→ **DATASET SECTION**:

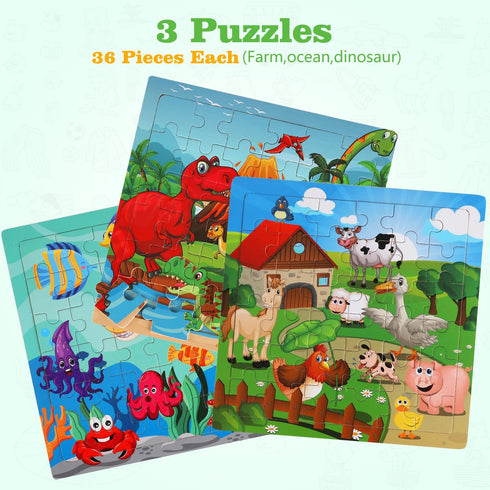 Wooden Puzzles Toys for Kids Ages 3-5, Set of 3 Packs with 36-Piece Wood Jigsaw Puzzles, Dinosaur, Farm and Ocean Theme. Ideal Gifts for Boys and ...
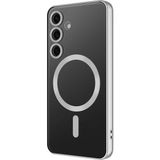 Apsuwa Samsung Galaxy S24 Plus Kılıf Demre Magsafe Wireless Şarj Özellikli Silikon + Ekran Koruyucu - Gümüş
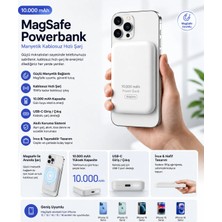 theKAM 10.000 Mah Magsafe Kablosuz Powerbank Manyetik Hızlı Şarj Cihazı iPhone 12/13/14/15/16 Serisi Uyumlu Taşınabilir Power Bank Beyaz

→ **HOW TO COMPLETE THIS TASK**: A verbatim copy of the data, with all pictures omitted, is the required output.

→ **SOLUTION**:
 Wooden Puzzles Toys for Kids Ages 3-5, Set of 3 Packs with 36-Piece Wood Jigsaw Puzzles, Dinosaur, Farm and Ocean Theme. Ideal Gifts for Boys and ...
 Apsuwa Samsung Galaxy S24 Plus Kılıf Demre Magsafe Wireless Şarj Özellikli Silikon + Ekran Koruyucu - Gümüş
 theKAM 10.000 Mah Magsafe Kablosuz Powerbank Manyetik Hızlı Şarj Cihazı iPhone 12/13/14/15/16 Serisi Uyumlu Taşınabilir Power Bank Beyaz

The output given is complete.